Over the course of 5 weeks, Rebecca will be walking and responding to this new (to her) setting, seeking out the glitches and incongruities that characterise the urban environment. Here are Rebecca's residency updates:

UPDATE #4
text by Rebecca Moss

In my last week in Stoke, Rebecca Davies and I hosted a feminist walk, loosely inspired by the Reclaim the Night protests of the 1970s. I commented to Rebecca that it felt great to share thoughts and research in such a direct way with an audience, and I really enjoyed the discussion it provoked in the group. The participants of the walk generously shared so many of their thoughts around urban planning, public sculpture, symbols of power and the future of wild spaces in the city. I realised how much I value a simple chat with people to broaden my awareness and understanding of a place.



In the window, I have left a majestic eagle sculpture, undertaking a struggled circle with a mechanism that I constructed from a bicycle wheel and a disco ball motor. I was reflecting on Unnatural Selection, and predator/prey power relationships. I have always liked the idea of a limp, tragic or somewhat ridiculous predator.









UPDATE #3
text by Rebecca Moss

This week I spent many hours in the studio, enjoying having such a vast room to bring a vast array of sculptural materials together, many of which were sourced from a local brownfield site.
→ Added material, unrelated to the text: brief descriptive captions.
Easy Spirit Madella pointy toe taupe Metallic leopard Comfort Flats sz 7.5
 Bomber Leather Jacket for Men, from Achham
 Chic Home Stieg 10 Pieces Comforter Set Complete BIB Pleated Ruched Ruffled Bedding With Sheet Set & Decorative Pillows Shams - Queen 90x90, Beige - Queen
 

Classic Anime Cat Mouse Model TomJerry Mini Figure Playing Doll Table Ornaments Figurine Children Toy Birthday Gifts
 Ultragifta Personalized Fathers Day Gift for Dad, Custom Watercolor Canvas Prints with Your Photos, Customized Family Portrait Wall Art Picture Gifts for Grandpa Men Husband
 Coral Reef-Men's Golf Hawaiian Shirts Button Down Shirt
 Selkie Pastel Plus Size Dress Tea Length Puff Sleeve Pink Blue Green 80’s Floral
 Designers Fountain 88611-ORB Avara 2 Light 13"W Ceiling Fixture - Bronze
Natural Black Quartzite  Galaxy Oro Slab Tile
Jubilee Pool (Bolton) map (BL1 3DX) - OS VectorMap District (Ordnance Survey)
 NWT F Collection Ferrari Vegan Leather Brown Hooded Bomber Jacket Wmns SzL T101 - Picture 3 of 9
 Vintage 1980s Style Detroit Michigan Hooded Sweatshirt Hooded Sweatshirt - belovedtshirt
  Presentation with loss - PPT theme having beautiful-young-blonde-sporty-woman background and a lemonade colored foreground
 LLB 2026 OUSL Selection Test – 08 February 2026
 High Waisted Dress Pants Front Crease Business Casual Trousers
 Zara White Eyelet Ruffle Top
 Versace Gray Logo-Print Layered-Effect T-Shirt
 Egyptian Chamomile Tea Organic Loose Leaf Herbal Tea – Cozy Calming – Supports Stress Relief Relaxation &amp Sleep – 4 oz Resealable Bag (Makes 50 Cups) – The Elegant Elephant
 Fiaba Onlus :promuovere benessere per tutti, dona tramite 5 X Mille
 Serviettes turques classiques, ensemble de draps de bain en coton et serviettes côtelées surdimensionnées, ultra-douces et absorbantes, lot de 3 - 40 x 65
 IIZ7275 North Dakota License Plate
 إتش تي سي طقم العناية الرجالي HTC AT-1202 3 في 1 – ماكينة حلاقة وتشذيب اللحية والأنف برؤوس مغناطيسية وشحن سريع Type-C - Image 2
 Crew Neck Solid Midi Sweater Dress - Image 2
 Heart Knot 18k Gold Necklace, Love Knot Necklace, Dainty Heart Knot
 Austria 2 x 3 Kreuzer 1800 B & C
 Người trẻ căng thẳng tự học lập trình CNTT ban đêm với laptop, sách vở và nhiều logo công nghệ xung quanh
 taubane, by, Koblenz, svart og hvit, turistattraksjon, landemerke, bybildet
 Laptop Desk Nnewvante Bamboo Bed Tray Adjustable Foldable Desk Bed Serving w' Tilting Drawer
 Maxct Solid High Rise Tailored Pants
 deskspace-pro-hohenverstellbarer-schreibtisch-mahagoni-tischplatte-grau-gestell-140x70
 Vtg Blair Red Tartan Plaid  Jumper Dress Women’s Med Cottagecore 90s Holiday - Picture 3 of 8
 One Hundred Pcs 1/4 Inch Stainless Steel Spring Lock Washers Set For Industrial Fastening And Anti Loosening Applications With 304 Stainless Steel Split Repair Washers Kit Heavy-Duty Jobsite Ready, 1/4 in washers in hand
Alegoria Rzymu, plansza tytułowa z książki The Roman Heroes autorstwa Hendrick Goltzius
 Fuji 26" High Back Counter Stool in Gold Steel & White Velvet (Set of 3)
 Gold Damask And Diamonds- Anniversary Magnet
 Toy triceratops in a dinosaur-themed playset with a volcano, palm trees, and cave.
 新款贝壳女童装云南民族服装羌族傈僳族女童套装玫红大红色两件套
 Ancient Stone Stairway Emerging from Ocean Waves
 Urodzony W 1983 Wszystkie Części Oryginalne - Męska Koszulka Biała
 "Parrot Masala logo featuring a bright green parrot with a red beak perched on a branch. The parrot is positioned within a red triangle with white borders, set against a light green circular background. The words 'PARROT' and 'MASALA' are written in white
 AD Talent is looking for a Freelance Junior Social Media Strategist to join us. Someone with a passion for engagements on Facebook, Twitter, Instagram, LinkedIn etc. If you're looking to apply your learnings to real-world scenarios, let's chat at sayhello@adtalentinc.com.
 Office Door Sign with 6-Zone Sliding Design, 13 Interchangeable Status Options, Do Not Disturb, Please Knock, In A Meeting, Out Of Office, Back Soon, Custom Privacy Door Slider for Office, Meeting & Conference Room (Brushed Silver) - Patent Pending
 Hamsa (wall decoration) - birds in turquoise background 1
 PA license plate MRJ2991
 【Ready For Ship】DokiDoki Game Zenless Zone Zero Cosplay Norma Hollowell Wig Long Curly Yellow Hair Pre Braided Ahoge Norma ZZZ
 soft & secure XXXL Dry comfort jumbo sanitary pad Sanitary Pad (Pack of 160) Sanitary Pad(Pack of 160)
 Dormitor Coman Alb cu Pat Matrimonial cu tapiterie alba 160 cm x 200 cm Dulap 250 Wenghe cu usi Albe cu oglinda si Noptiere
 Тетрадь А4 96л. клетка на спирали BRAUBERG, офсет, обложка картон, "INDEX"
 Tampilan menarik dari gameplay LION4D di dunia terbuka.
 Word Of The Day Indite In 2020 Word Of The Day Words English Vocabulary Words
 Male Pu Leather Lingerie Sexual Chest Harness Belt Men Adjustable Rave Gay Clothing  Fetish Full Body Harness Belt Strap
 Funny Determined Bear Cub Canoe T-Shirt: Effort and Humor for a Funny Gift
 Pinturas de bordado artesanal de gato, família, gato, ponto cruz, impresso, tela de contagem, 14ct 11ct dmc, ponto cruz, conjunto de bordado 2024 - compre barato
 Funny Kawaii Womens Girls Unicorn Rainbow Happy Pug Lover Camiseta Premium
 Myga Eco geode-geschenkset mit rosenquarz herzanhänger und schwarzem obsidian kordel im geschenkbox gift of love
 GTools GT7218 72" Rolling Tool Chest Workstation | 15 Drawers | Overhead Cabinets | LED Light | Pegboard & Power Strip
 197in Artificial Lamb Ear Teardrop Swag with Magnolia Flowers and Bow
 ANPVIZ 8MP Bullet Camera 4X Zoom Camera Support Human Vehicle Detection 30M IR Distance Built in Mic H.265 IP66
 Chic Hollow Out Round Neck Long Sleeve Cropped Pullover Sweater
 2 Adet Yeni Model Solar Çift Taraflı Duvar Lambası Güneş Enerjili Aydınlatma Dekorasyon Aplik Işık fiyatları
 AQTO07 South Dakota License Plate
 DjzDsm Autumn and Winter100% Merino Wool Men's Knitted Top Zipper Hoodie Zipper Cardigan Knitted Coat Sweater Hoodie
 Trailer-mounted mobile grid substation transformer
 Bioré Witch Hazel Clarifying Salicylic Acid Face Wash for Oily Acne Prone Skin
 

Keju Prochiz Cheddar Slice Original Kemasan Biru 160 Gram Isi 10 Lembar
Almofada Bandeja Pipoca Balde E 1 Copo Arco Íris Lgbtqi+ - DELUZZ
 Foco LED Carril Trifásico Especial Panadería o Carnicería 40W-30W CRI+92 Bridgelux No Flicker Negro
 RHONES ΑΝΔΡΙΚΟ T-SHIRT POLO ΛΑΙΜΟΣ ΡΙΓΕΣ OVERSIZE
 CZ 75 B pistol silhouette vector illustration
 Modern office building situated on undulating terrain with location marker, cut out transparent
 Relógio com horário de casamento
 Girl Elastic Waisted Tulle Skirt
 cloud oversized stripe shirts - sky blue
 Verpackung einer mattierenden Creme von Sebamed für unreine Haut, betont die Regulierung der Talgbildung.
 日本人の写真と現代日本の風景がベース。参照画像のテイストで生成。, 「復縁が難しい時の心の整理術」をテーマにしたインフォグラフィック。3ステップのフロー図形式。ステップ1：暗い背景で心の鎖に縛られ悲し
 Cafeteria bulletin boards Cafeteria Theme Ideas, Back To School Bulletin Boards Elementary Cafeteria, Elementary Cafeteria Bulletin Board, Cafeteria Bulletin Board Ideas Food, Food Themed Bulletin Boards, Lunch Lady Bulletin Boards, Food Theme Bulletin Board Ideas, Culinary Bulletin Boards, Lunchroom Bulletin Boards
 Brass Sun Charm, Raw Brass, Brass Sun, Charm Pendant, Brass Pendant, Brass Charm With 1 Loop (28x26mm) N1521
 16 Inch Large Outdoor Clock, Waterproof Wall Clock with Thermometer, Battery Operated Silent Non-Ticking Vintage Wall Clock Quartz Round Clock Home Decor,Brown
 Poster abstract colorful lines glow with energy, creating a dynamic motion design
I have been thinking very carefully about the ideas of the writer Karin Reisinger, who suggests that ruined and derelict spaces are feminist in that there is an interaction on the surface of the material between human and non-human elements. I feel like I am finding ways to articulate the intuitive pull that I feel towards some landscapes and objects.






UPDATE #2
text by Rebecca Moss

This week I have been thinking about the specific characteristics of the landscape in and around Stoke-on-Trent, such as the remnants of factories and waterways in the postindustrial landscape. I found it surprising how much Stoke reminds me of places along the Thames Estuary where I have spent the last year walking, such as abandoned wharves that still have their former mechanisms to lift things on and off of boats.



One question I have been asking myself recently is how could these postindustrial spaces be reimagined from a feminist perspective? I have also spent a huge amount of time walking, and thinking about the rhythm of putting one foot in front of the other. Following the footsteps of the mass protesters at Kinder Scout in 1932, I began to think about how walking could be considered a subversive and radical activity, emphasising the physicality and movement of the body in a space where its presence might ordinarily be restricted or censored.




UPDATE #1
text by Rebecca Moss

In the first few days that I spent up in Stoke, I was struck by how differently a place is experienced in-person, on-foot, rather than online from afar, and how it is an important part of my approach to physically interact with an environment with my body. I spent the entire trip walking and trying to identify and absorb the many fascinating elements of the landscape, within the urban environment and then further out towards the Peak District.




I was amazed at how the post-industrial legacy is still strongly evident in every street, and how there seemed to be a question mark hanging over the future plans for this architecture and the communities that once depended on specific industries. I began thinking about the difference between the highly contrived, artificial movement and management of the canal system and the rugged wildness of Hen Cloud.
I also managed to walk into a low bridge on the canal system and bumped my head, causing my hat to fly backwards off my head. An amused man on a narrowboat commented, “they’re a lot lower than they look.”